Severance continúa siendo una gran serie sobre la subjetividad, la identidad y sus paradojas, pero después de esta temporada, la relación entre esta problemática y el mundo del trabajo quedó un poco, bueno, disociada. Acá entrá de lleno el tercer vértice, el del misterio. Uno de los excesos más maravillosos que estaba ya en la premisa de la serie es que por un lado los outies no saben de qué trabajan los innies, pero por otro los innies tampoco saben qué están haciendo cliqueando números en una pantalla en base a emociones imprecisas. Esta doble capa de misterio, que en términos racionales parece innecesaria (¿cuál es el punto del procedimiento de separar innie del outie si el trabajo consiste solo en cliquear números? sería distinto si los innies torturaran o mataran gente), funcionaba tan bien en parte por su comentario social implícito. El trabajo se promociona como “misterioso e importante” pero en realidad es profundamente estúpido, como casi todo lo que pasa en cualquier oficina del mundo. No solo el outie está alienado de su trabajo, el innie también. Lo mismo Miss Cobel o Milchick, pese a no estar disociados.

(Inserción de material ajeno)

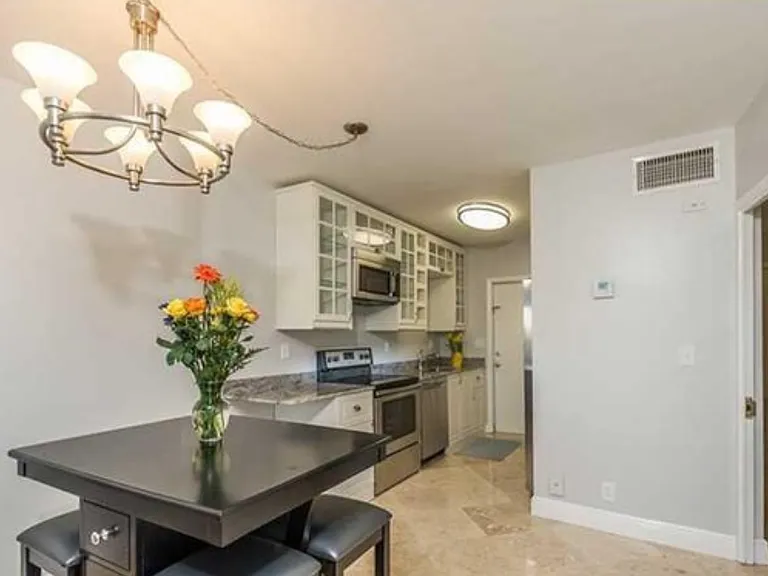 3250 NE 28th St #307 — Photo 7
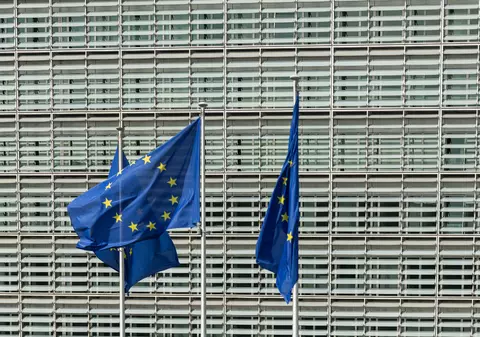 România primește 2,5 miliarde de euro de la UE. Prima tranșă dintr-un fond uriaș pentru apărare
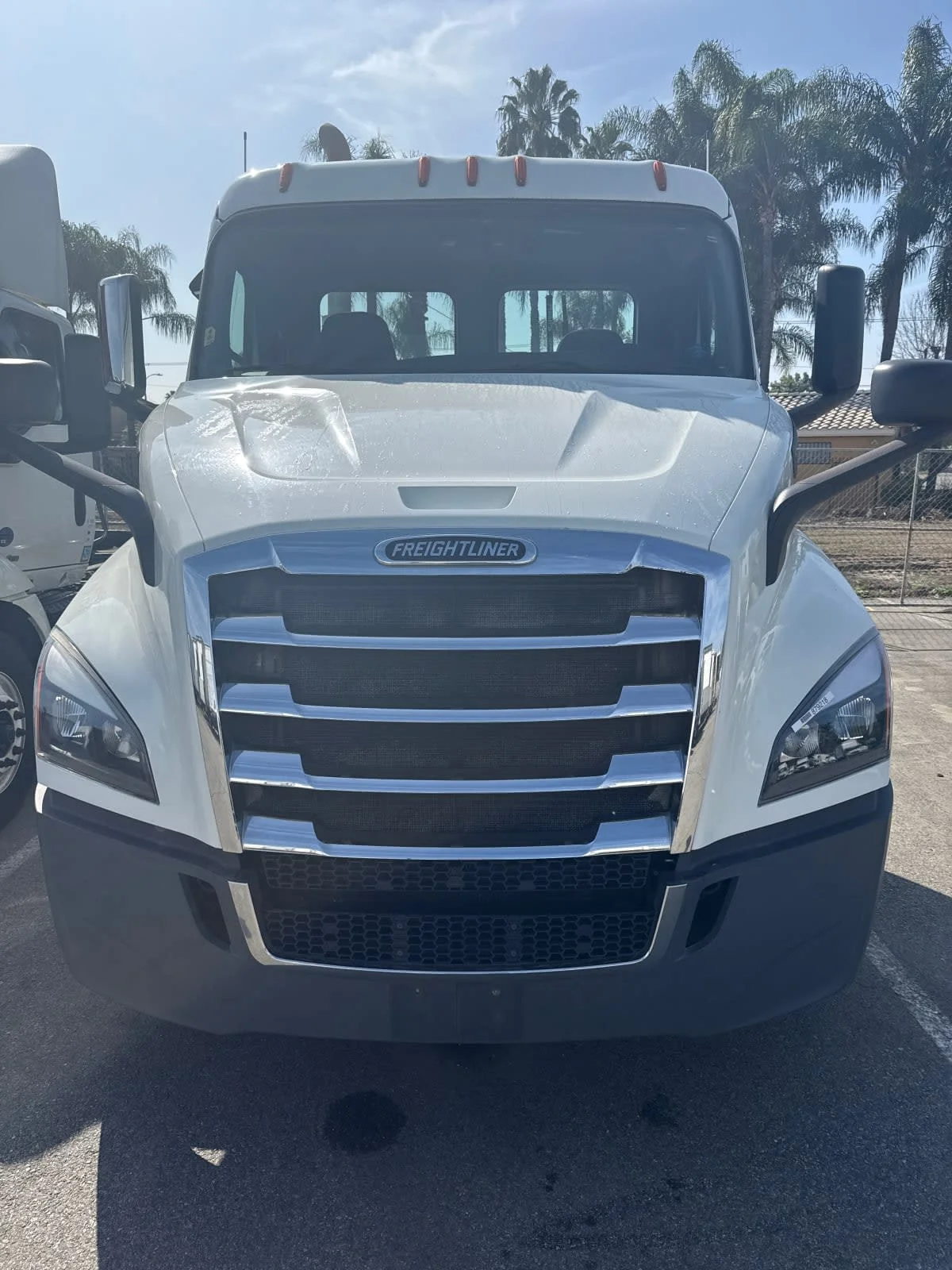 2019 Freightliner Cascadia in Pomona, CA — photo 2
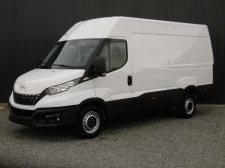 Photo du véhicule IVECO DAILY FOURGON 35S18 EMPATTEMENT 3520L H2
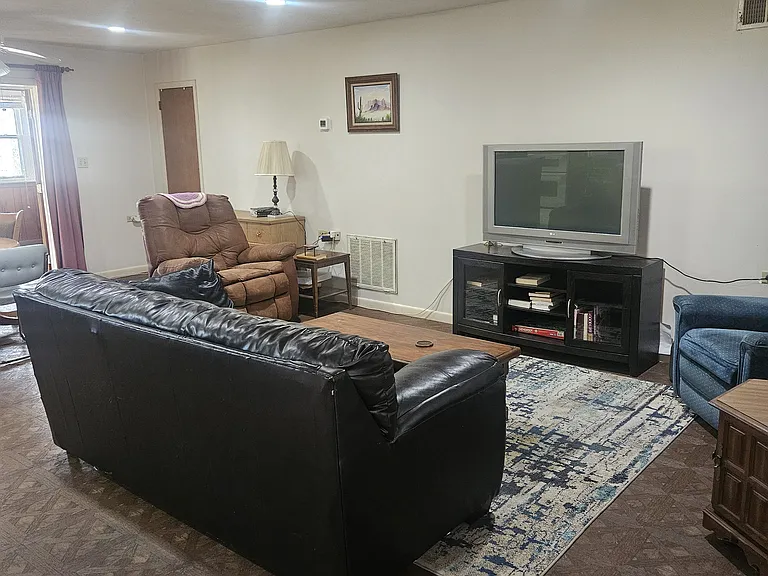 5240 Drury Ln — Photo 3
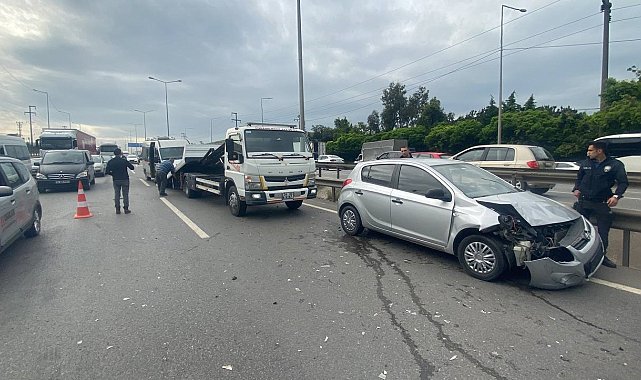 Duran tır zincirleme kazaya sebep oldu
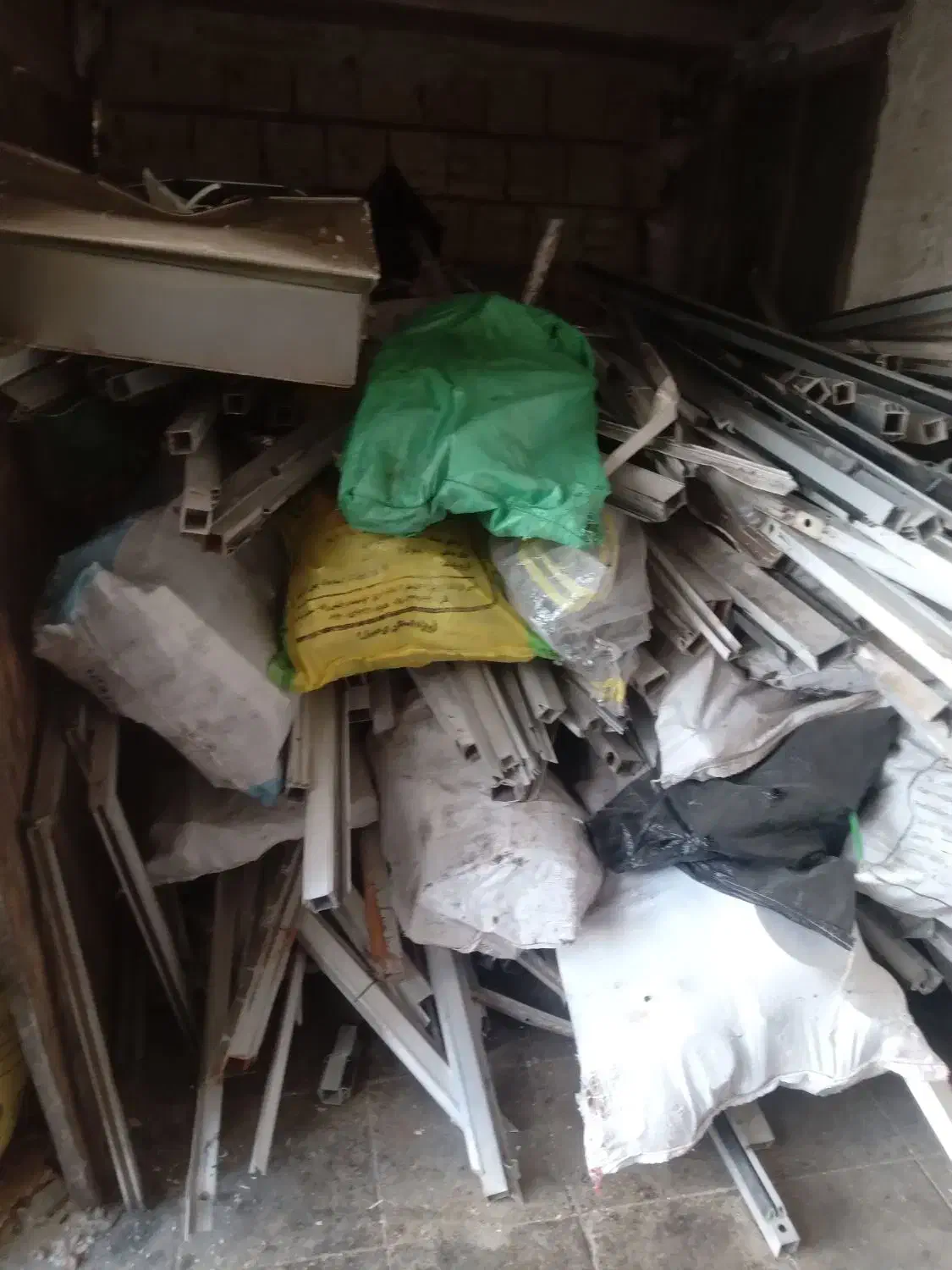 خرید ضایعات آهن‌آلات مس برنج آلومینیوم رانی|عمده‌فروشی|اردبیل, |دیوار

Pero en la segunda temporada ya no nos enfrentamos con una “junta” fantasmática que se comunica a través de una secretaria que es toda sonrisas. Vimos a los poderosos interactuar y vimos que Lumon tiene una agenda (o al menos una): la producción de innies perfectos. Los números en el monitor generan sentimientos porque son sentimientos reales (y no, como parecía sugerirse al principio, porque en el vacío de sentido total que es la vida de un innie, hay que proyectar algo para sobrevivir un día más) y Gemma es una prisionera en el sentido más estricto y literal del término, comparable a las prisioneras de Handmaid’s Tale. Otra comparación más precisa (aunque un poco más oscura) es con el personaje de Oona Chaplin en el especial de Black Mirror de 2014. Allí veíamos como la conciencia del personaje era clonada, y el “clon” (una IA sin cuerpo que se autopercibía como humana) era reducida a un rol de servidumbre absoluta bajo amenaza de tortura ante cualquier desobediencia.
La idea de crear agentes con toda la inteligencia y capacidad de un ser humano pero sin ninguna posibilidad de reclamar y/o hacer valer cualquier derecho está quedando rápidamente obsoleta frente lo comparativamente barato que son las IA que ya conocemos (y que no requieren comida ni violan tratados internacionales), aunque esto no tiene por qué causar que la distopía que pone en escena Severance deje de resultar interesante o atendible. A fin de cuentas, cada vez más personas se apasionan (o dicen hacerlo) con el estoicismo para poder disociar más efectivamente la corrupción inherente al mundo en el que viven de la autonomía virtuosa de su pensamiento, y en muchos casos, también de su virilidad.
Para terminar: juzgar un relato por su capacidad de funcionar como una crítica de la ideología del presente siempre tiende un poco al reduccionismo. Pero las fallas narrativas de la segunda temporada de Severance son tan abundantes y obvias que parecía ocioso analizarlas una a una sin ponerlas en relación con el problema general del que son tanto causa como consecuencia. Y ese problema no se soluciona poniendo a bailar a Milchik.